Help with 413 The data value transmitted exceeds the capacity limit Error in OpenAI Vector Store Upload

I’m currently working on a project where I need to upload a PDF file to a vector store using OpenAI’s API. However, I’m encountering a 413 The data value transmitted exceeds the capacity limit error when trying to upload the file as a buffer. Here’s a summary of my issue:

Context:

  • Environment: Node.js
  • File: PDF
  • Error: 413 The data value transmitted exceeds the capacity limit
const fs = require('fs');

async function createVectorStore(file, vectorStoreName) {
  try {
    const vectorStore = await openai.beta.vectorStores.create({
      name: vectorStoreName,
    });

    // Read the file as a buffer
    const fileContent = fs.readFileSync(file.path);
    console.log('fileContent', fileContent);

    // Upload the file content to the OpenAI vector store
    const fileBatch = await openai.beta.vectorStores.fileBatches.uploadAndPoll(vectorStore.id, {
      files: [fileContent], // Pass the buffer directly
    });

    console.log(`Vector store created with ID: ${vectorStore.id}`);
    console.log(`file batch status: ${fileBatch.status}`);
    return vectorStore;
  } catch (error) {
    console.error("Error during document upload:", error.response ? error.response.data : error);
    throw error;
  }
}

APIError: 413 The data value transmitted exceeds the capacity limit.
    at APIError.generate (/path/to/node_modules/openai/error.js:68:16)
    ...
{
  status: 413,
  headers: {...},
  error: {
    message: 'The data value transmitted exceeds the capacity limit.',
    type: 'server_error',
    code: null,
    param: null
  }
}

  • I’m reading the PDF file as a Buffer using fs.readFileSync().
  • I then attempt to upload the buffer to OpenAI’s vector store using the fileBatches.uploadAndPoll method.
  • The file size is roughly 570KB.

Any guidance or suggestions would be greatly appreciated!

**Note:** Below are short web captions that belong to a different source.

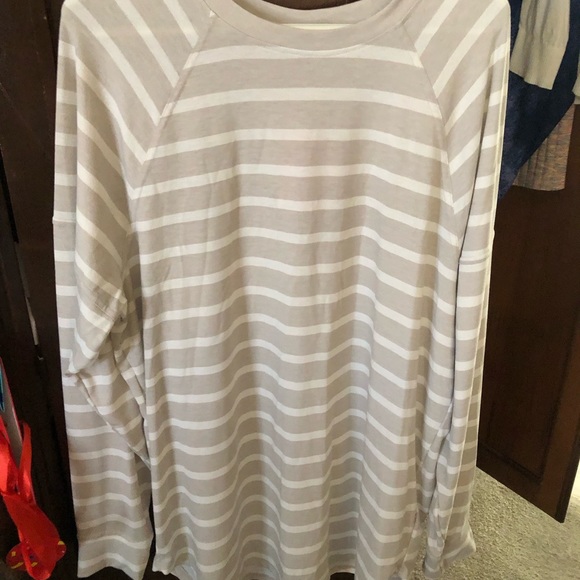 LuLaRoe Erin Top XL - Picture 3 of 6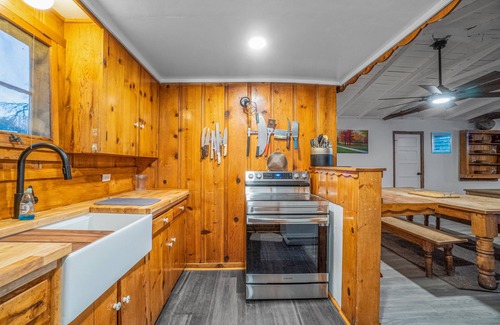 Warner Springs Cabin | Cozy cabin with historic charm and large fireplace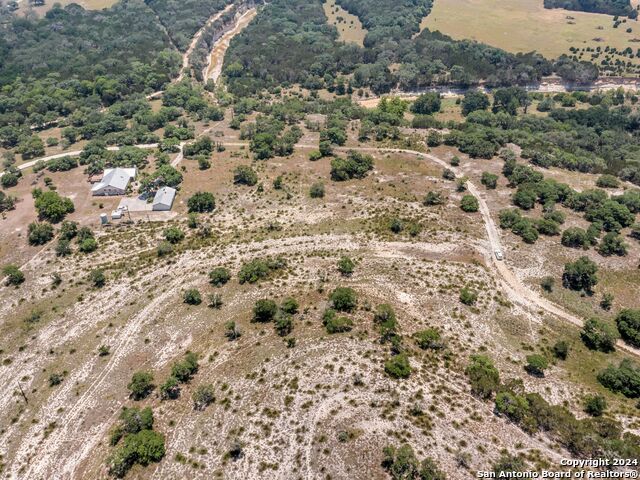 Image 6 of 50 For 305 Upper Cibolo Creek Rd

It sounds like you have a large misunderstanding of the process to add files to a vector store, which is:

  1. upload to your account’s storage by the files endpoint, with purpose “assistants”, and receive a file ID as a return value out of the response.
  2. create a vector store through its endpoint, and receive a vector store ID.
  3. add files IDs to the vector store.
  4. use the vector store ID with the file_search parameter of an assistant.

Each of these has usage documented in the API reference, linked in the sidebar of this forum.